→ WHAT IS BEING ASKED
Restate the data word for word. Leave the pictures out.

::: DATA EXTRACTS

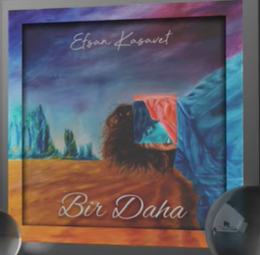 دانلود آلبوم Bir Daha (2021) از Efşan Kasavet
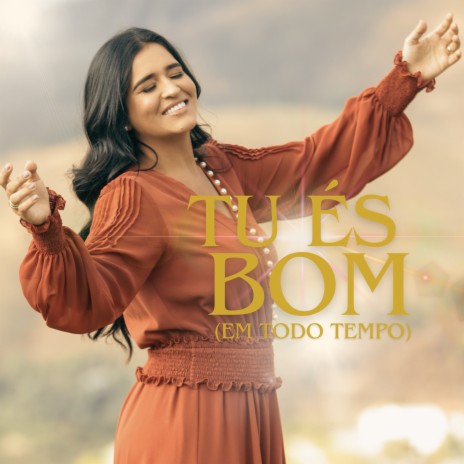 Tu És Bom (Em Todo Tempo) | Boomplay Music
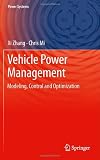 Vehicle Power Management: Modeling, Control and Optimization (Power Systems)
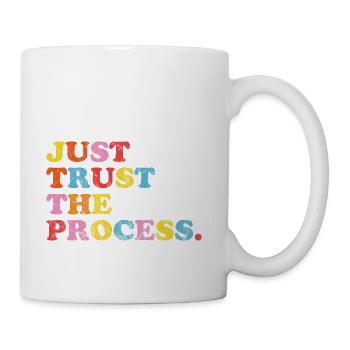 Just Trust The Process Positive Quotes Sayings - Coffee/Tea Mug - white - Right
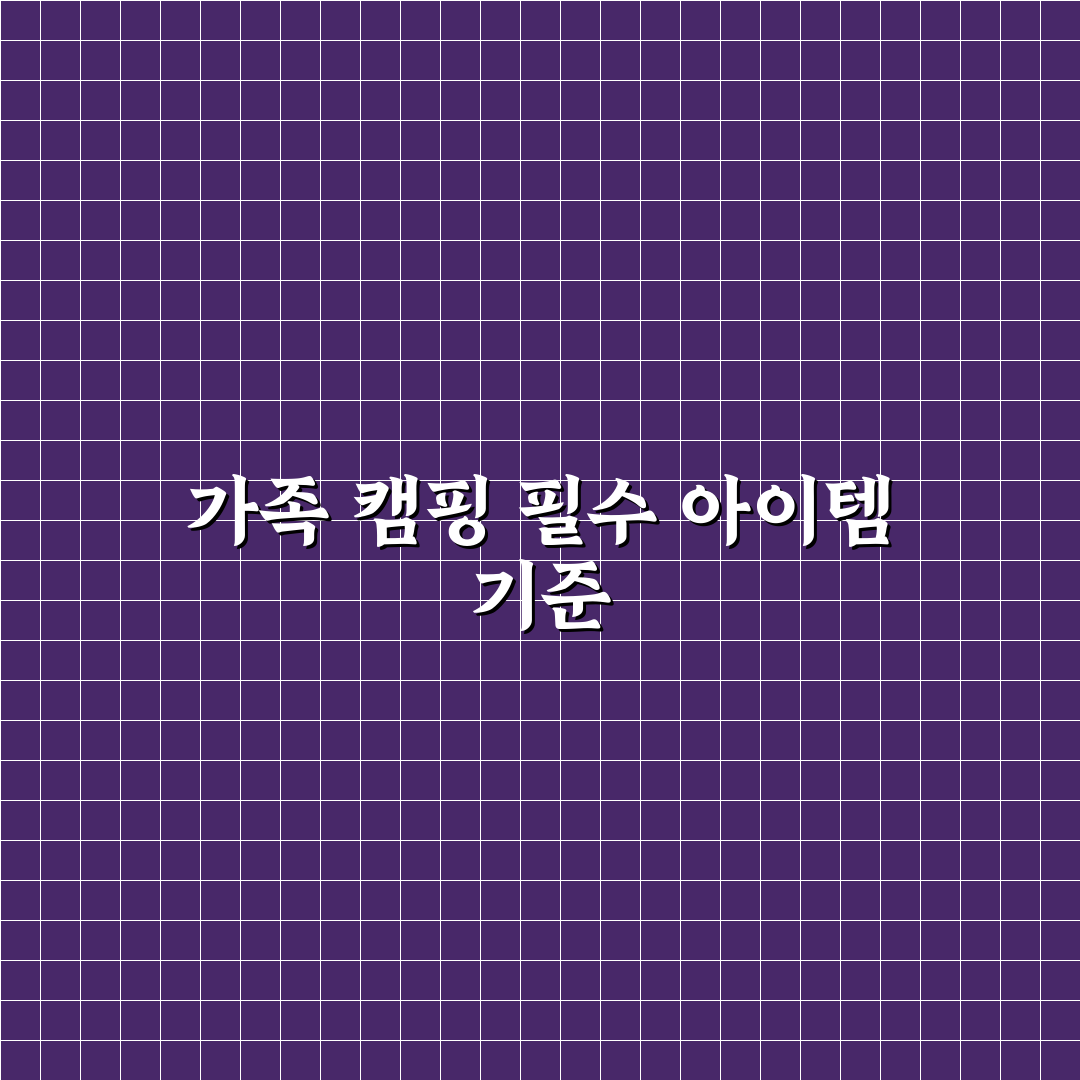가족 캠핑 입문 장비 살 때 꼭 필요한 것만 고르기 핵심가이드 5포인트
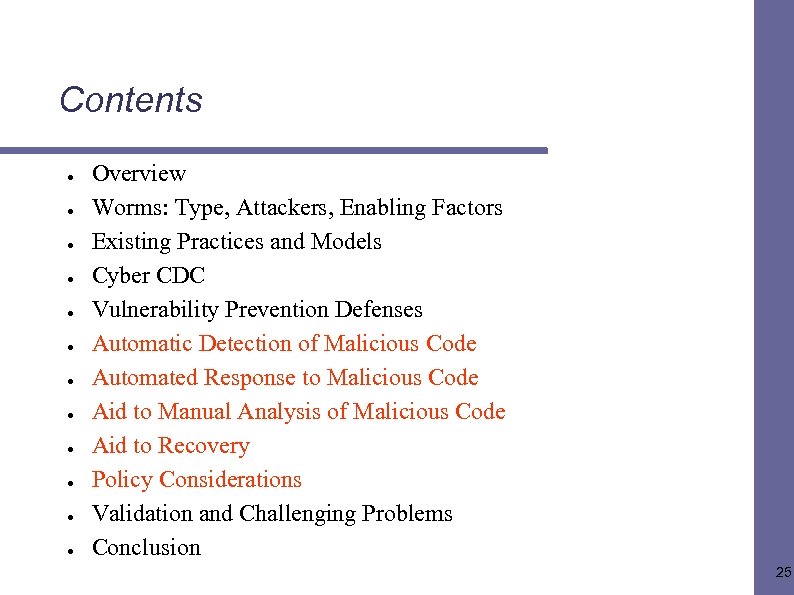 Contents ● ● ● Overview Worms: Type, Attackers, Enabling Factors Existing Practices and Models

::::::

→ OUTPUT
 دانلود آلبوم Bir Daha (2021) از Efşan Kasavet
 Tu És Bom (Em Todo Tempo) | Boomplay Music
 Vehicle Power Management: Modeling, Control and Optimization (Power Systems)
 Just Trust The Process Positive Quotes Sayings - Coffee/Tea Mug - white - Right
가족 캠핑 입문 장비 살 때 꼭 필요한 것만 고르기 핵심가이드 5포인트
 Contents ● ● ● Overview Worms: Type, Attackers, Enabling Factors Existing Practices and Models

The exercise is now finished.